What we’ve been doing isn’t working—only 30% of employees are engaged at work, according to Gallup.
As of 2015, millennials are already the dominant generation in the U.S. workforce. And according to a recent Gallup report called “How Millennials Want to Work and Live,” managers must change their leadership style when dealing with millennials.
To be successful, you need to learn what millennials need from their leader—and do your best to provide it:
Purpose. Millennials aren’t just after a paycheck—they want their careers to have meaning. Hold meetings with each team member to help them articulate their personal purpose statement.

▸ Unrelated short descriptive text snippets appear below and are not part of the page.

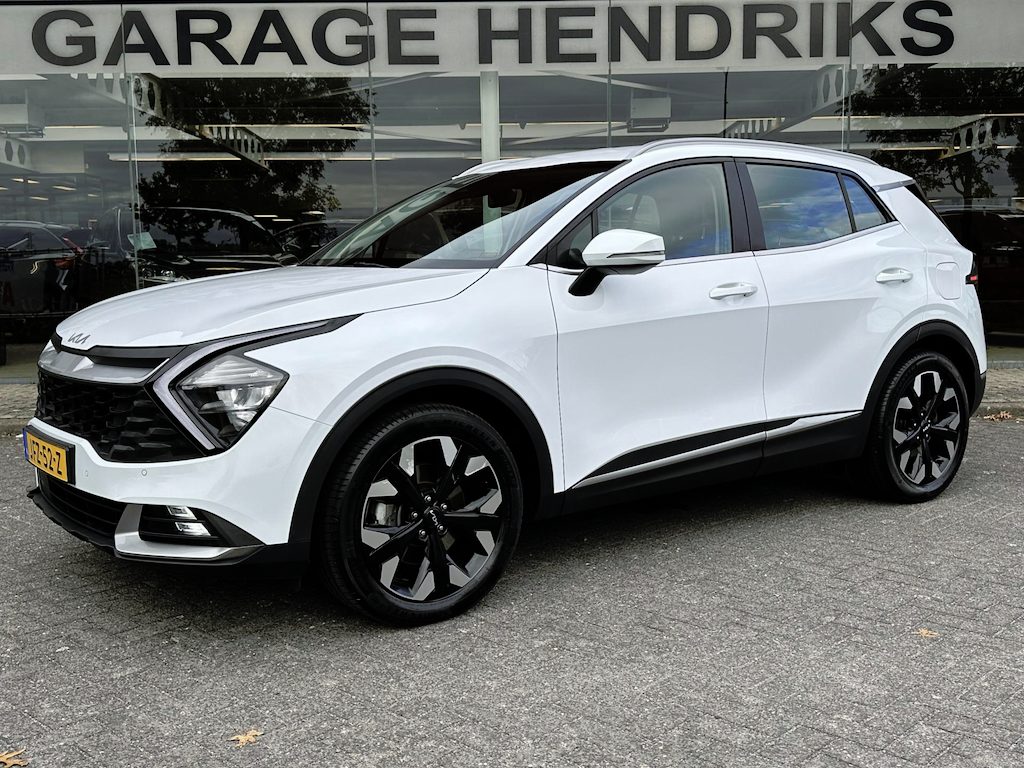 Kia Sportage 1.6 T-GDi Plug-in Hybrid AWD DynamicLine | SOH: 97,8% | Dealer onderhouden | Full LED | Climate | Adaptive CC | Navi |
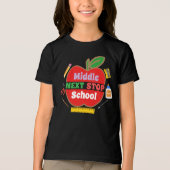 Nächste Phase der Mittelschule Tri-Blend Shirt (Vorderseite)
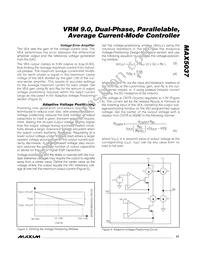 MAX5037ETH-T Datasheet Page 17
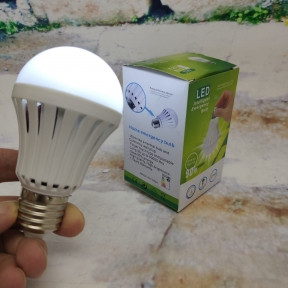 Лампочка-фонарик Умный свет 5 Вт Intelligent Emergency Light Led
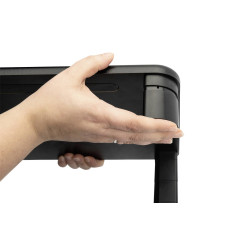 Підставка для монітора DIGITUS Ergonomic Monitor Riser, до 10кг, чорна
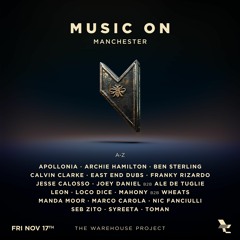 LEON Live at MUSIC ON - WHP Manchester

Then, help them see how it ties to your company’s larger purpose. During meetings, ask millennial employees to share how they contribute to your company’s mission and vision.
Growth. Millennials want to learn. Hold monthly development conversations with each team member in which you ask open-ended questions that lead them to reflect on their successes and challenges. Then, develop a plan to help them achieve their goals.
A coach, not a boss. This means letting millennials find their own way of doing things, and guiding them by asking open-ended questions that enable them to think things through on their own. Set clear expectations for the results you require, keep them up to date on priorities and then hold them accountable.
Validation. Give millennial employees regular contact to provide coaching and show you care. The annual performance review should serve as a brief summary of many frequent prior discussions, not the sole point of contact.
Balance. Baby boomers left work at work, home at home. But who can truly divest themselves of the thoughts, feelings and emotions associated with the two major areas of our lives? Millennials know this approach isn’t effective—they want integration. Take time to get to know them personally.
Keith Baldwin is a Gallup-certified strengths coach and the author of “Light Your Fire: How Leveraging Strengths will Inspire You and Your Team Members Towards Skyrocketing Success!”
Glass Half Full
We’ve been brainwashed to focus on weaknesses. A much more effective approach with millennial team members is to teach them how to manage their weaknesses, but focus on what they’re good at.
Consider giving your younger employees a strengths assessment. Then, hold ongoing discussions with the whole team to help everyone learn how to leverage their own unique strengths. —K.B.